* EXERCISE DATA:
■ ■ ■ ■
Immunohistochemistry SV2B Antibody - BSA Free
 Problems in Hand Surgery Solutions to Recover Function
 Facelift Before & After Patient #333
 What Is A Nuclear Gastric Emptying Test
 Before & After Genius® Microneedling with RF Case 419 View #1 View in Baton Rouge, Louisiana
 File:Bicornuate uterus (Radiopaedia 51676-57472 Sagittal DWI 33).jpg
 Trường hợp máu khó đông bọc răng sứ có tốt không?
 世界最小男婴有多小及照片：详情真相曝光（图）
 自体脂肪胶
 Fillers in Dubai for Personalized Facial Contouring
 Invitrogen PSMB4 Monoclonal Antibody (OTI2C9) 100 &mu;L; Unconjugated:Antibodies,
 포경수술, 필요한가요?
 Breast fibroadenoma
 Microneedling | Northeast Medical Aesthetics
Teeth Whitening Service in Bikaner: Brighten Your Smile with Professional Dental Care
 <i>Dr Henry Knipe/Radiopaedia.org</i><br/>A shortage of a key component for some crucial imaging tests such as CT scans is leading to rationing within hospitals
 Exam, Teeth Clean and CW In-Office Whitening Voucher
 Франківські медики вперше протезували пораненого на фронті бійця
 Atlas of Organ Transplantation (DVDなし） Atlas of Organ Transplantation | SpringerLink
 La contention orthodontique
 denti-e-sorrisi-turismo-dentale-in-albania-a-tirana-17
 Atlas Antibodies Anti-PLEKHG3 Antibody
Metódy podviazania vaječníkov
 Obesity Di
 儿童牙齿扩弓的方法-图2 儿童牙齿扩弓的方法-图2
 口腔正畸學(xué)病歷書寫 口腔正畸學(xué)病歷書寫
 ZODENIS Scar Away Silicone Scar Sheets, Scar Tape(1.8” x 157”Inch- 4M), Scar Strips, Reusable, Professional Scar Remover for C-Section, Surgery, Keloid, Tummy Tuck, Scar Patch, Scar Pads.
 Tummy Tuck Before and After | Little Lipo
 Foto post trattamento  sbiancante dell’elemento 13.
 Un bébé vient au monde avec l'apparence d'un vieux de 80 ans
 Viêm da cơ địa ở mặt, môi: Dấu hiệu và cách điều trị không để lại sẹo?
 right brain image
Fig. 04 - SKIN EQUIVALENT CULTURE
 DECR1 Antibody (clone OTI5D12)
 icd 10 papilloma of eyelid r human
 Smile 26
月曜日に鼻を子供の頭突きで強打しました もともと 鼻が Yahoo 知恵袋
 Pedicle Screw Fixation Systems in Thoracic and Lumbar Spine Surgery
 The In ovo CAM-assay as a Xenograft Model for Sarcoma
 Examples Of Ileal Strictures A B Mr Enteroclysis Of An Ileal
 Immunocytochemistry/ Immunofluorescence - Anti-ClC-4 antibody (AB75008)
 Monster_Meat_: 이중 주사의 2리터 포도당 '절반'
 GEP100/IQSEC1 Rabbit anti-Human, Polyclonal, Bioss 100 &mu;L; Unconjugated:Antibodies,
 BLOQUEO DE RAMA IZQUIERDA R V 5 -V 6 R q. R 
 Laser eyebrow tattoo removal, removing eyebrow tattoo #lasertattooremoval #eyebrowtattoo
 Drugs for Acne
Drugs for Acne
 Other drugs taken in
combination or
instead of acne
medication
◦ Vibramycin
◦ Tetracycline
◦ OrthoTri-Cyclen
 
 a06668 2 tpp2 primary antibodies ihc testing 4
■ ■ ■ ■
* TASK OBJECTIVE: An exact copy of all the records is what is needed here.

* ANSWER TO THIS PROBLEM:
Immunohistochemistry SV2B Antibody - BSA Free
 Problems in Hand Surgery Solutions to Recover Function
 Facelift Before & After Patient #333
 What Is A Nuclear Gastric Emptying Test
 Before & After Genius® Microneedling with RF Case 419 View #1 View in Baton Rouge, Louisiana
 File:Bicornuate uterus (Radiopaedia 51676-57472 Sagittal DWI 33).jpg
 Trường hợp máu khó đông bọc răng sứ có tốt không?
 世界最小男婴有多小及照片：详情真相曝光（图）
 自体脂肪胶
 Fillers in Dubai for Personalized Facial Contouring
 Invitrogen PSMB4 Monoclonal Antibody (OTI2C9) 100 &mu;L; Unconjugated:Antibodies,
 포경수술, 필요한가요?
 Breast fibroadenoma
 Microneedling | Northeast Medical Aesthetics
Teeth Whitening Service in Bikaner: Brighten Your Smile with Professional Dental Care
 <i>Dr Henry Knipe/Radiopaedia.org</i><br/>A shortage of a key component for some crucial imaging tests such as CT scans is leading to rationing within hospitals
 Exam, Teeth Clean and CW In-Office Whitening Voucher
 Франківські медики вперше протезували пораненого на фронті бійця
 Atlas of Organ Transplantation (DVDなし） Atlas of Organ Transplantation | SpringerLink
 La contention orthodontique
 denti-e-sorrisi-turismo-dentale-in-albania-a-tirana-17
 Atlas Antibodies Anti-PLEKHG3 Antibody
Metódy podviazania vaječníkov
 Obesity Di
 儿童牙齿扩弓的方法-图2 儿童牙齿扩弓的方法-图2
 口腔正畸學(xué)病歷書寫 口腔正畸學(xué)病歷書寫
 ZODENIS Scar Away Silicone Scar Sheets, Scar Tape(1.8” x 157”Inch- 4M), Scar Strips, Reusable, Professional Scar Remover for C-Section, Surgery, Keloid, Tummy Tuck, Scar Patch, Scar Pads.
 Tummy Tuck Before and After | Little Lipo
 Foto post trattamento  sbiancante dell’elemento 13.
 Un bébé vient au monde avec l'apparence d'un vieux de 80 ans
 Viêm da cơ địa ở mặt, môi: Dấu hiệu và cách điều trị không để lại sẹo?
 right brain image
Fig. 04 - SKIN EQUIVALENT CULTURE
 DECR1 Antibody (clone OTI5D12)
 icd 10 papilloma of eyelid r human
 Smile 26
月曜日に鼻を子供の頭突きで強打しました もともと 鼻が Yahoo 知恵袋
 Pedicle Screw Fixation Systems in Thoracic and Lumbar Spine Surgery
 The In ovo CAM-assay as a Xenograft Model for Sarcoma
 Examples Of Ileal Strictures A B Mr Enteroclysis Of An Ileal
 Immunocytochemistry/ Immunofluorescence - Anti-ClC-4 antibody (AB75008)
 Monster_Meat_: 이중 주사의 2리터 포도당 '절반'
 GEP100/IQSEC1 Rabbit anti-Human, Polyclonal, Bioss 100 &mu;L; Unconjugated:Antibodies,
 BLOQUEO DE RAMA IZQUIERDA R V 5 -V 6 R q. R 
 Laser eyebrow tattoo removal, removing eyebrow tattoo #lasertattooremoval #eyebrowtattoo
 Drugs for Acne
Drugs for Acne
 Other drugs taken in
combination or
instead of acne
medication
◦ Vibramycin
◦ Tetracycline
◦ OrthoTri-Cyclen
 
 a06668 2 tpp2 primary antibodies ihc testing 4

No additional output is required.